Jack Fettes

No. 30 – Surrey Scorchers
- Position: Guard
- League: British Basketball League

Personal information
- Born: 30 November 1999 (age 26) Chertsey
- Nationality: British
- Listed height: 6 ft 2 in (1.88 m)

Career information
- High school: Riverdale High
- College: Charnwood College (2016–2017) Three Rivers Academy (2017–2019) Plymouth Marjon University (2019–present)
- Playing career: 2018–2019

Career history
- 2018–2019: Surrey Scorchers

Career highlights
- none

= Jack Fettes =

British basketball player

Jack Fettes (born 30 November 1999) is a British semi-professional basketball player who most recently played for the Surrey Scorchers in the British Basketball League.

== College career ==
Fettes played for Charnwood College before joining the Three Rivers Academy in the Academy Basketball League. In 2017, the school announced a partnership with the Surrey Scorchers to become the club's new youth academy.
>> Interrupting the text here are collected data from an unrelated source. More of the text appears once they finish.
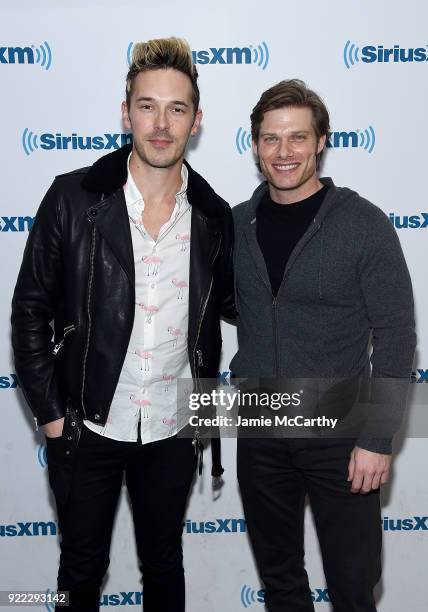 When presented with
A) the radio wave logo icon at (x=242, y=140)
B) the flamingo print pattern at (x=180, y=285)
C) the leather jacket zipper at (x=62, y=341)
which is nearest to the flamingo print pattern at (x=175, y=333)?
the flamingo print pattern at (x=180, y=285)

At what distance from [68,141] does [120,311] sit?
3.17ft

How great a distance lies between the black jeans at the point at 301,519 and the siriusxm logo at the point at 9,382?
109cm

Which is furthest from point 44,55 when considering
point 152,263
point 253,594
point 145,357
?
point 253,594

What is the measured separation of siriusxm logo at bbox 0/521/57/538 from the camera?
117 inches

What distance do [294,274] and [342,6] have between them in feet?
4.01

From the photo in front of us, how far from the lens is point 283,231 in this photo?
2.23m

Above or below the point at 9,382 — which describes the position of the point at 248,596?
below

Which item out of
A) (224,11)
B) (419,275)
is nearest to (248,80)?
(224,11)

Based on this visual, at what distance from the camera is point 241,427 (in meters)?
2.38

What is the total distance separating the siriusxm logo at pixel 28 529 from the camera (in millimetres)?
2979

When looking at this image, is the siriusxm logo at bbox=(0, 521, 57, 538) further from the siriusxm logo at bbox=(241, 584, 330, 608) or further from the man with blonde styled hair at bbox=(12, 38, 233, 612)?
the siriusxm logo at bbox=(241, 584, 330, 608)

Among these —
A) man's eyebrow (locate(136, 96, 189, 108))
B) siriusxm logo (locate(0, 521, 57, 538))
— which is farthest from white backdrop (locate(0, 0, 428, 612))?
man's eyebrow (locate(136, 96, 189, 108))

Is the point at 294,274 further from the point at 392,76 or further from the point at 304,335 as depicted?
the point at 392,76

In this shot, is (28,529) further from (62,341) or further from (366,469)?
(366,469)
As a result, Scorchers head coach Creon Raftopoulos also joined the team as assistant coach.

== Professional career ==
In 2018, Fettes joined Raftopoulos at the Surrey Scorchers in the British Basketball League.

Following the end of 2018–19 season, Jack Fettes was released – he then graduated with a university degree in Strength and Conditioning and now focuses on his personal training business with a substantial following on social media focusing on Mental & Physical Health.